> Information supplied:
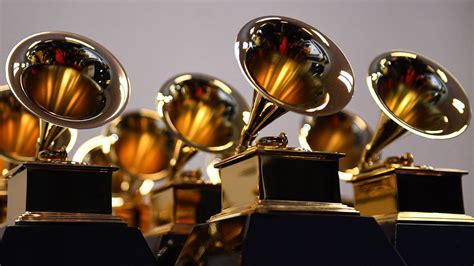 Grammy Award nominations 2025 revealed: Full list includes Beyoncé ...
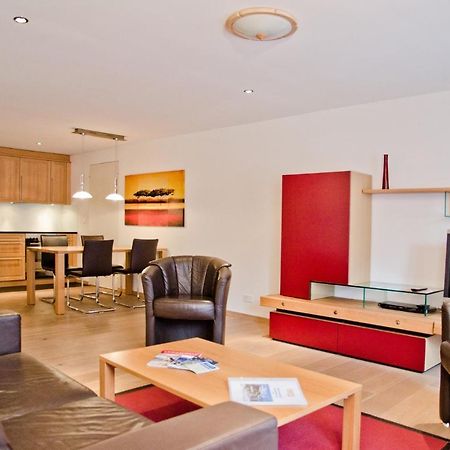 Apartment Stotzhalten 2.5 - Griwarent Ag Гриндельвальд Экстерьер фото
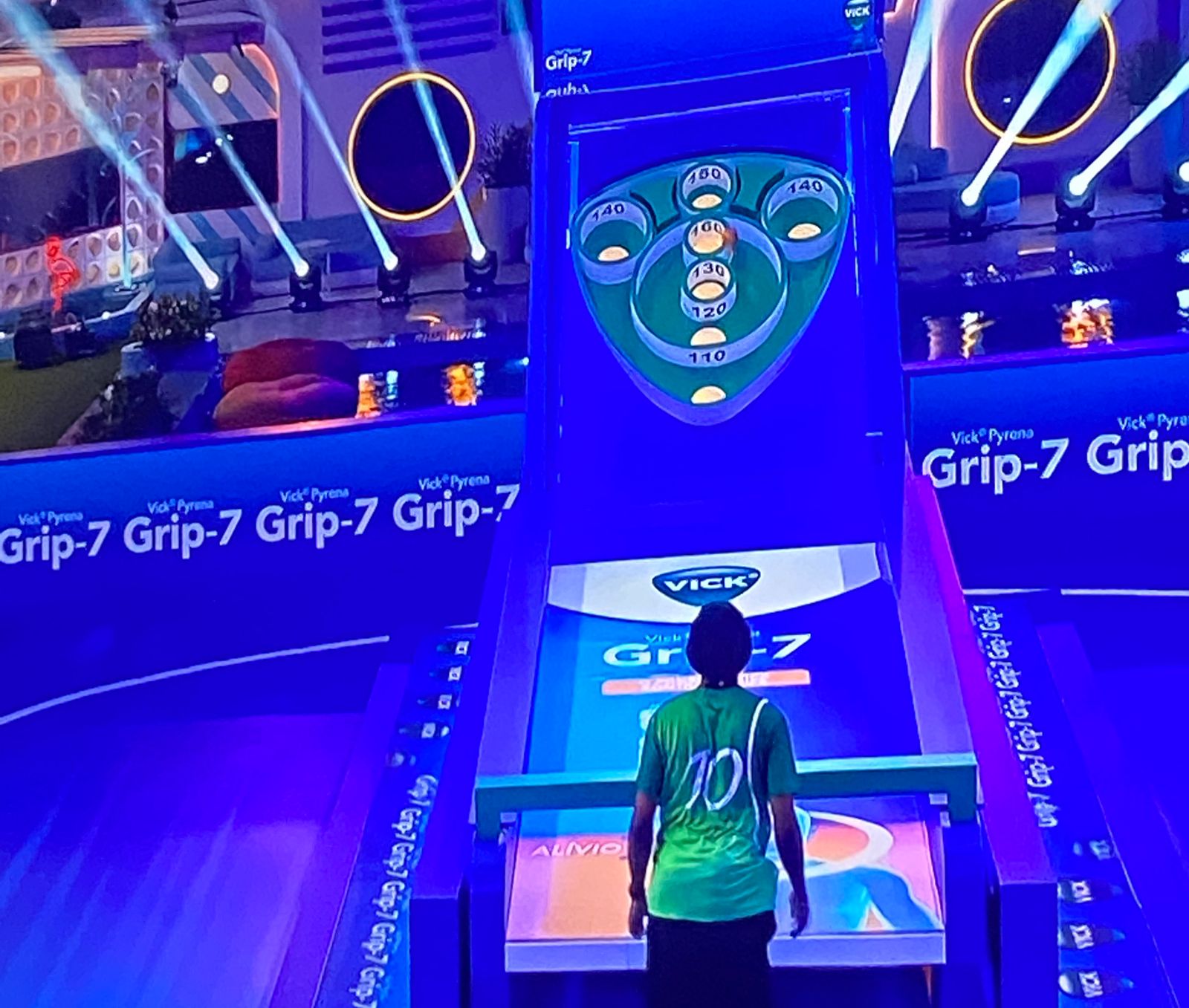 Brothers disputam prova do líder no BBB22; vídeo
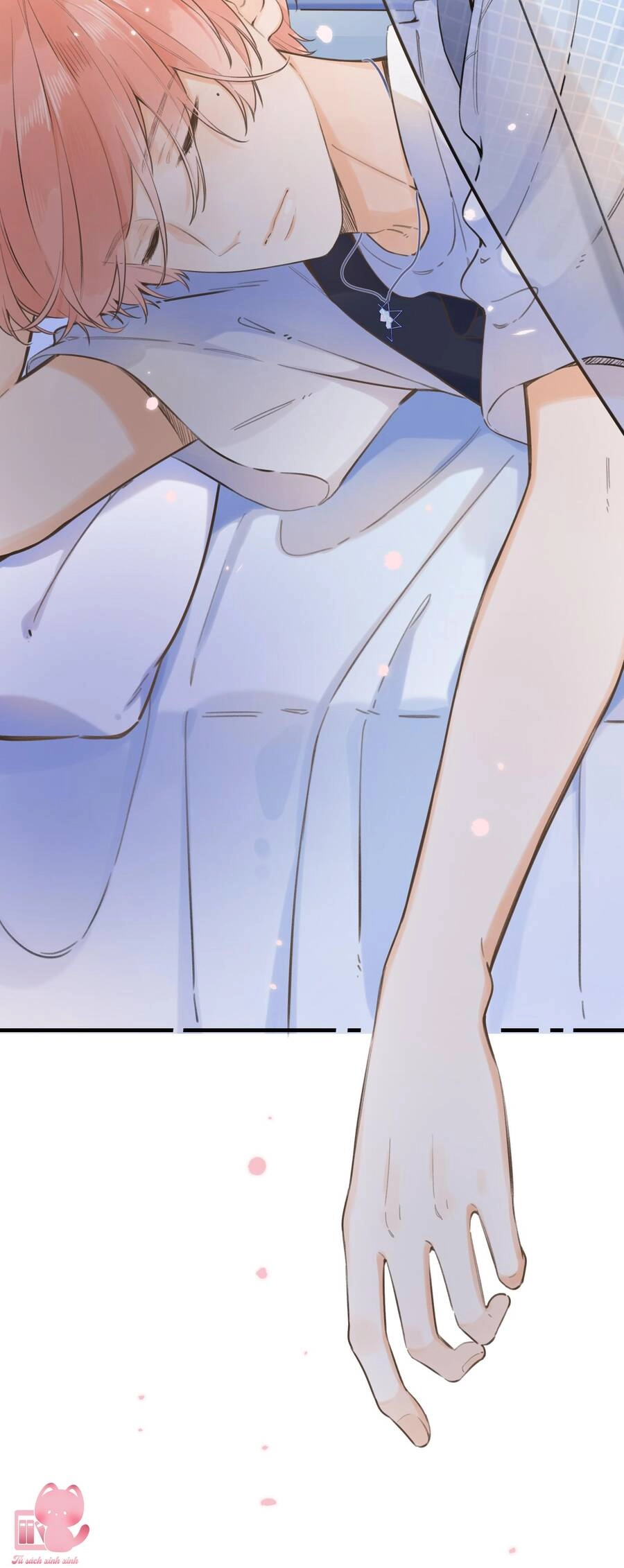 Ánh Sao Phiêu Linh Trong Nước Chapter 47 - 26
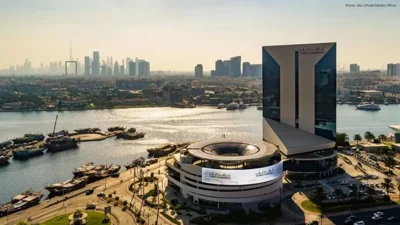 Dubai Ensures Stable Supply of Fresh Food Products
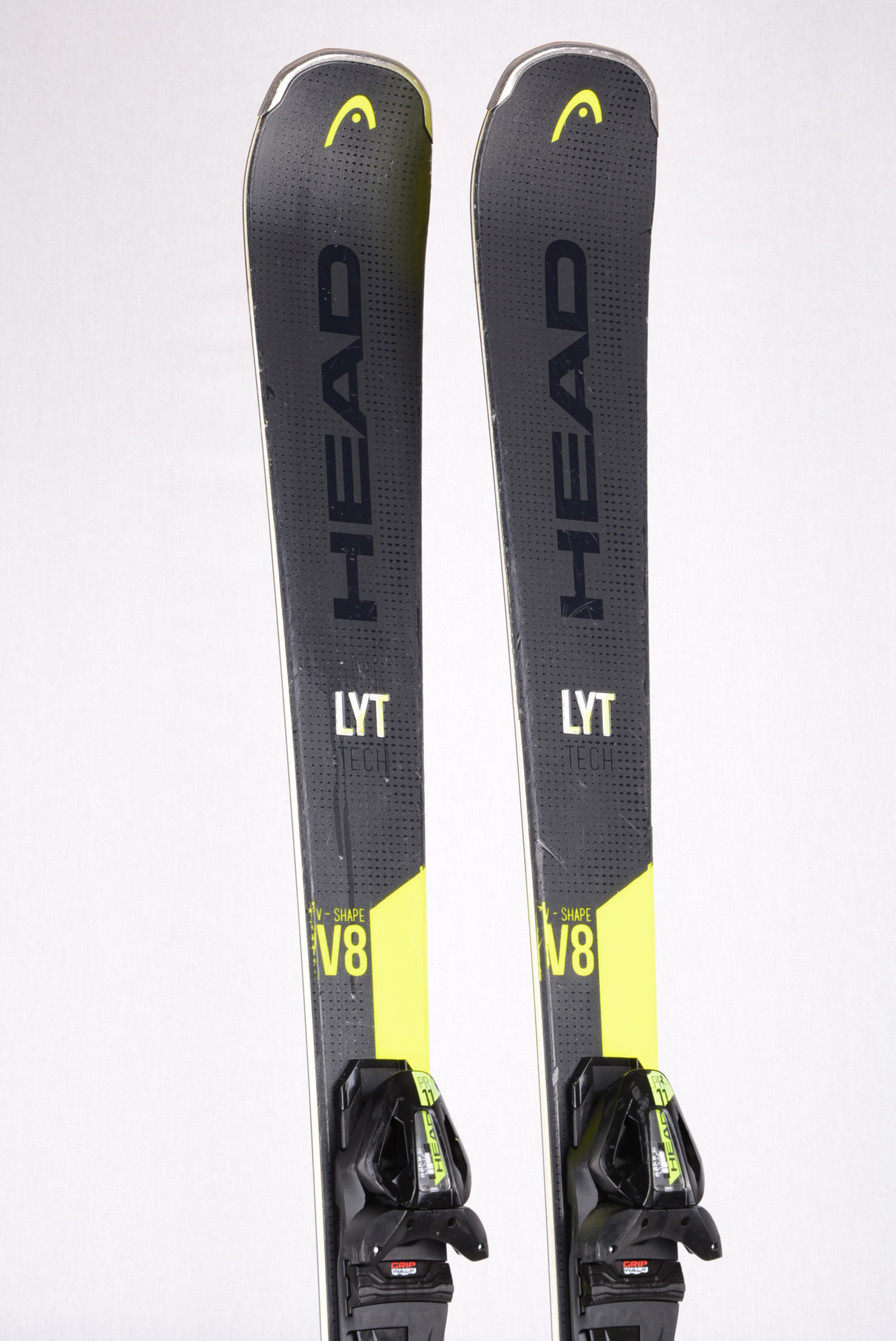 Ski Head Supershape I.Speed; I.Titain; The Link; V-Shape V6 Ski Head Supershape I.Speed; I.Titain; The Link; V-Shape V6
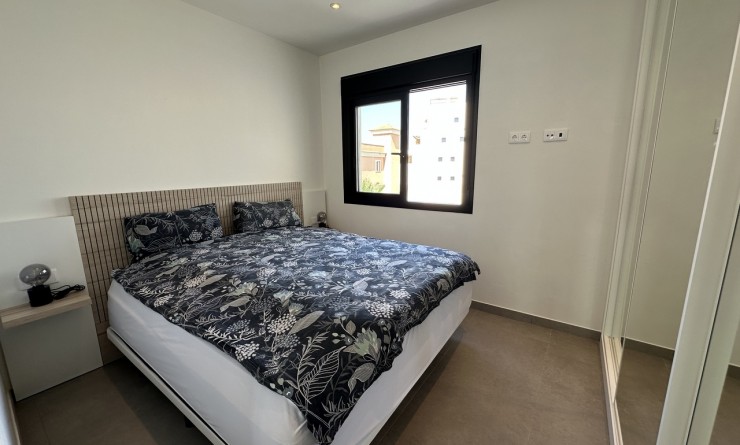 Sale - Penthouse - Villamartín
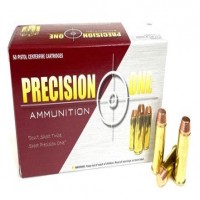 Precision One Magnum FMJ Ammo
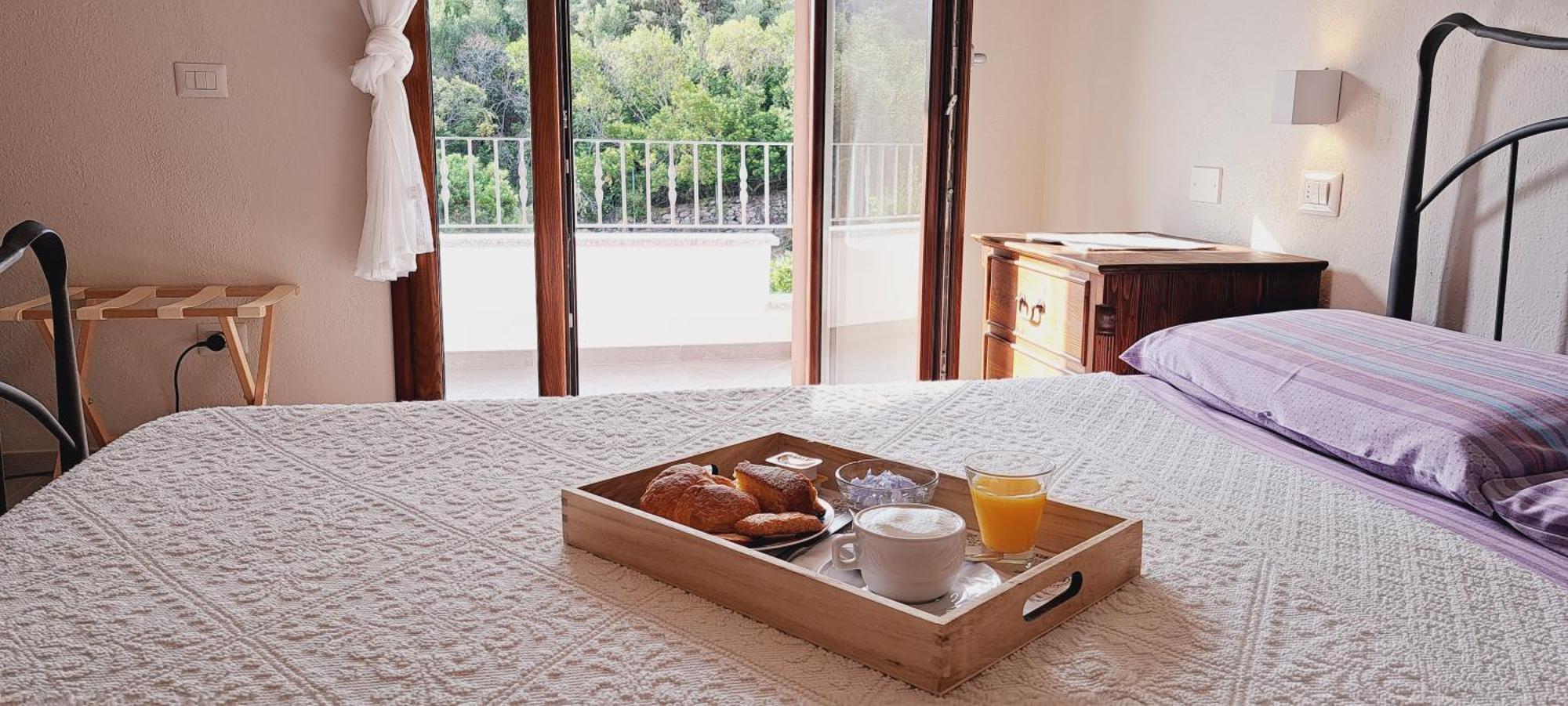 Lu Lioni Rooms San Teodoro  Kültér fotó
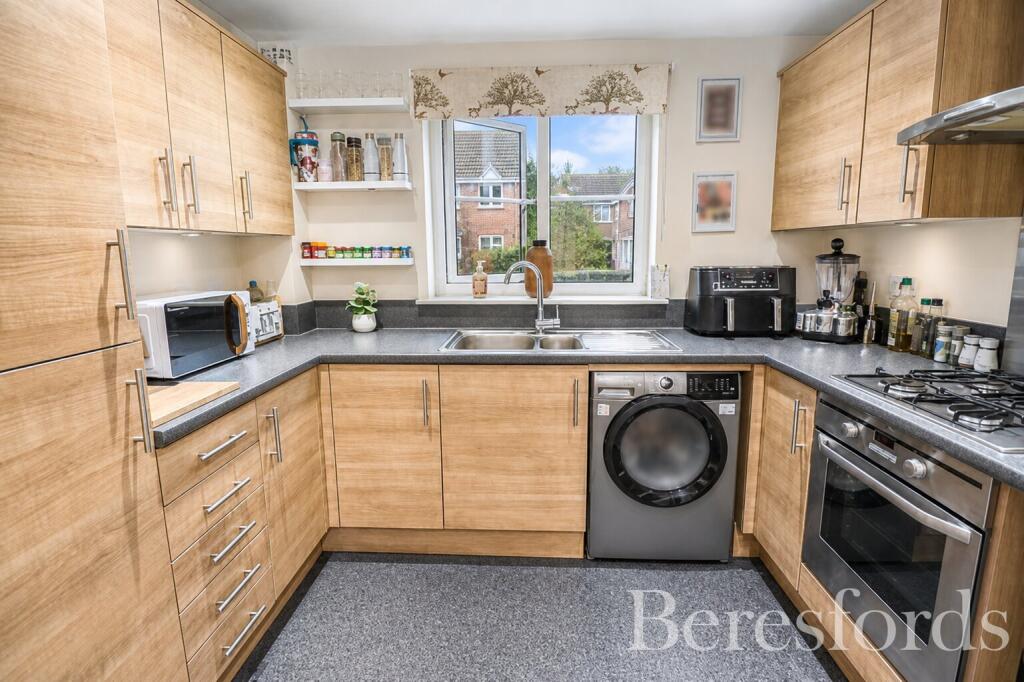 Apartment in Chelmsford, Beaulieu Park - More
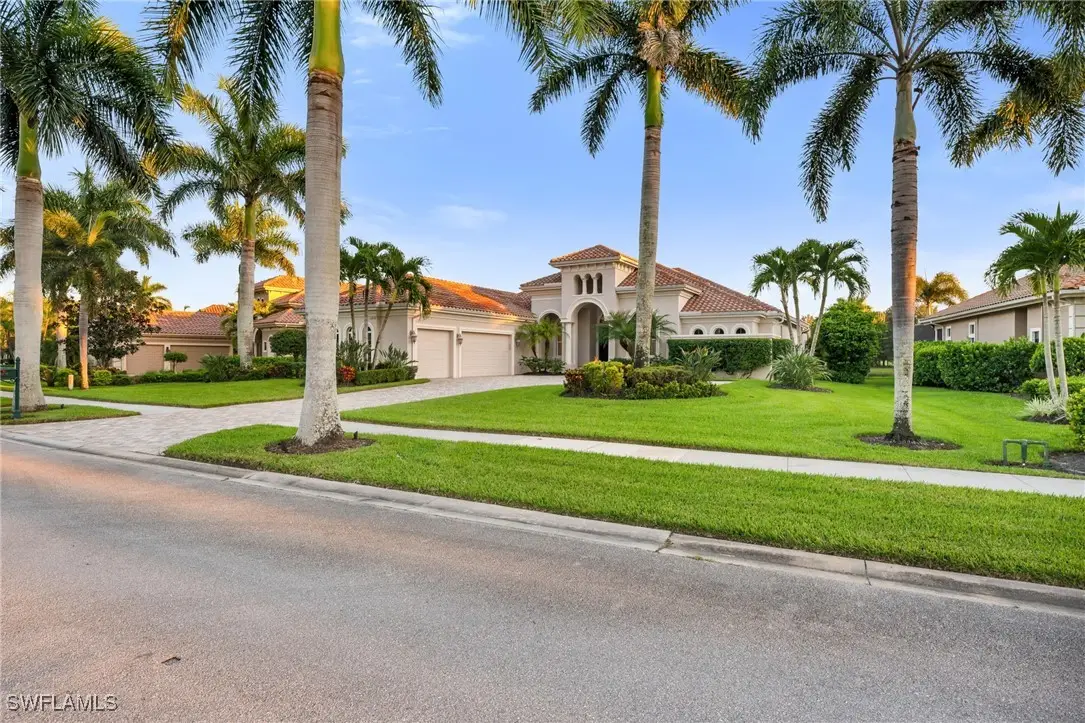 11978 Maidstone Court, Naples, FL 34120 - Image #1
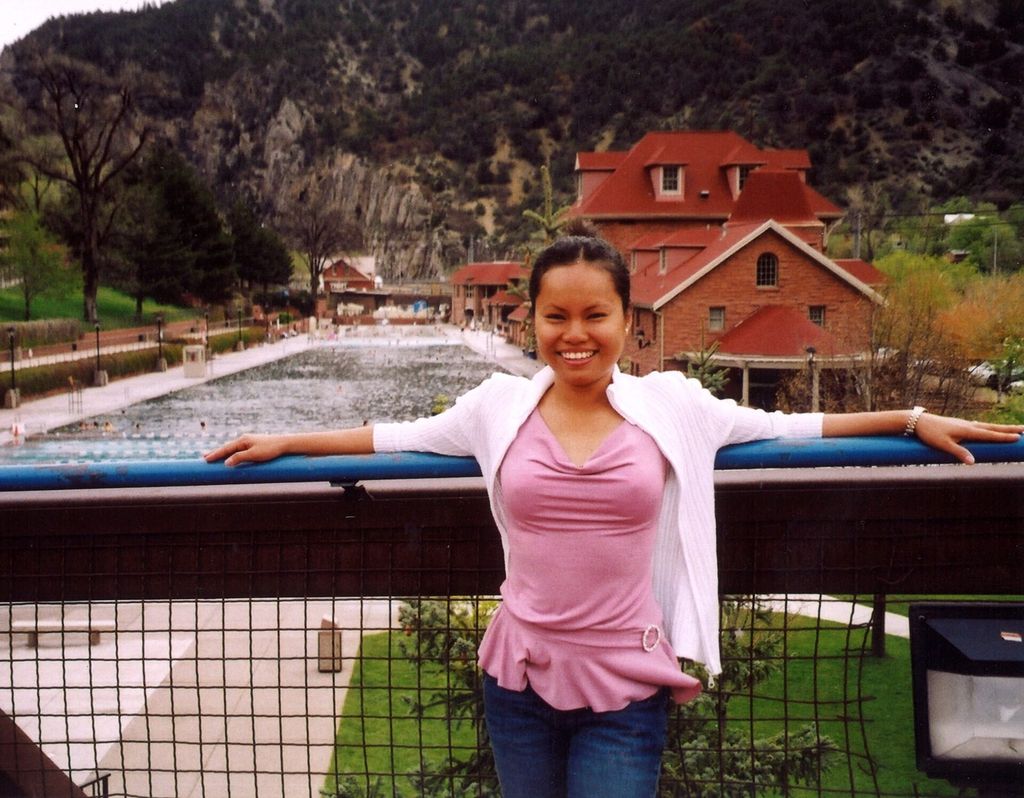 Rosmarivic “Rose” Alesna Bales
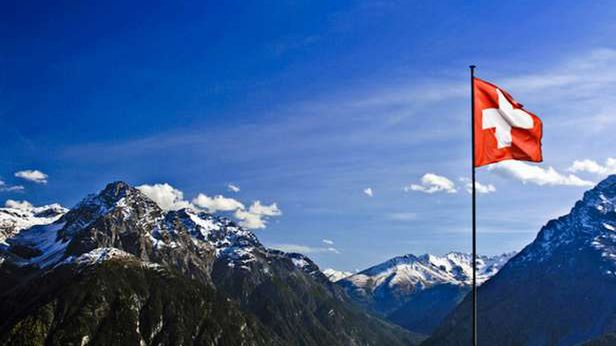Szwajcaria odpowiada lobby antypirackiemu 1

> Required action:
Restate the material above exactly. Exclude all pictures.

> Task result:
 Grammy Award nominations 2025 revealed: Full list includes Beyoncé ...
 Apartment Stotzhalten 2.5 - Griwarent Ag Гриндельвальд Экстерьер фото
 Brothers disputam prova do líder no BBB22; vídeo
 Ánh Sao Phiêu Linh Trong Nước Chapter 47 - 26
 Dubai Ensures Stable Supply of Fresh Food Products
 Ski Head Supershape I.Speed; I.Titain; The Link; V-Shape V6 Ski Head Supershape I.Speed; I.Titain; The Link; V-Shape V6
 Sale - Penthouse - Villamartín
 Precision One Magnum FMJ Ammo
 Lu Lioni Rooms San Teodoro  Kültér fotó
 Apartment in Chelmsford, Beaulieu Park - More
 11978 Maidstone Court, Naples, FL 34120 - Image #1
 Rosmarivic “Rose” Alesna Bales
Szwajcaria odpowiada lobby antypirackiemu 1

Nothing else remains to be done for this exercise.